Messtechnik für Stromzähler Weltmarktführer Zera aus Oberpleis öffnet seine Türen

Oberpleis · Das Königswinterer Technikunternehmen Zera holt die Jubiläumsparty zum 100. Geburtstag nach und gibt an diesem Samstag bei einem Tag offenen Tür Einblicke in die Arbeit des Unternehmens.

 Präzisionsmaschinen, die von Oberpleis aus in die ganze Welt geliefert werden, entstehen seit 100 Jahren bei Zera.

Präzisionsmaschinen, die von Oberpleis aus in die ganze Welt geliefert werden, entstehen seit 100 Jahren bei Zera.

Foto: Frank Homann

Der eine oder andere Oberpleiser vermutete in den vergangenen Jahren schon, dass sich in dem schwarzen Gebäude im Gewerbegebiet Krahfeld der Bundesnachrichtendienst niedergelassen haben könnte. Am Samstag gibt es nun ausreichend Gelegenheit, das Haus der Zera GmbH in Augenschein zu nehmen. Das mitarbeitergeführte mittelständige Unternehmen, das Messgeräte für Stromzähler entwickelt, herstellt und vertreibt, lädt zu einem Tag der offenen Tür ein.

Am Mittwoch und Donnerstag in dieser Woche statteten Vertreter aus 90 Ländern der Firmenzentrale in Oberpleis ihren Antrittsbesuch ab.
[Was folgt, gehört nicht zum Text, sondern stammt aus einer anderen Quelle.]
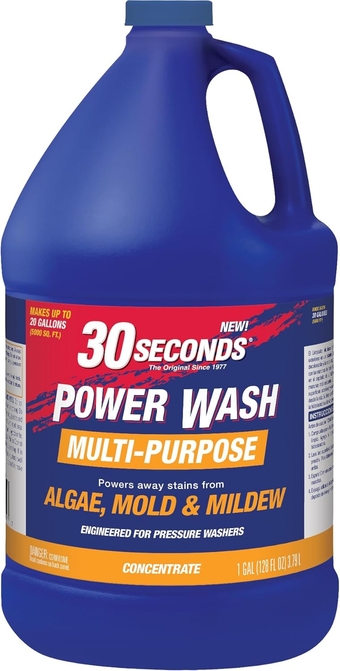 Pressure Washer Concentrated Cleaner – Power Cleans Stains from Algae, Mold & Mildew, Dirt, Grime – Makes up to 20 Gallons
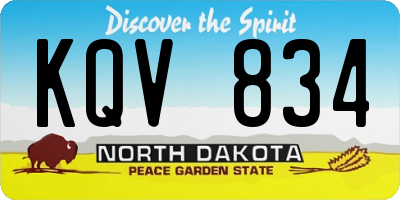 ND license plate KQV834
Vertreter unter anderem aus Indien, Ghana, Singapur, Kolumbien, den USA und Australien waren eingeladen. Absagen gab es keine. „Im Januar 2000 waren die Einladungen für die Vertretertagung bereits gedruckt, dann kam Corona“, berichtet Geschäftsführer Horst Wächter. Damals wollte man nach dem Umzug aus der Königswinterer Altstadt im Herbst 2019 sowohl den Neubau präsentieren als auch das 100-jährige Firmenjubiläum feiern. Im November 1920 hatte Wilhelm Cremer das Unternehmen gegründet. Bis heute stellt die frühere „Zähler-Eich-und-Reparatur-Anstalt“ Prüfgeräte für Stromzähler her.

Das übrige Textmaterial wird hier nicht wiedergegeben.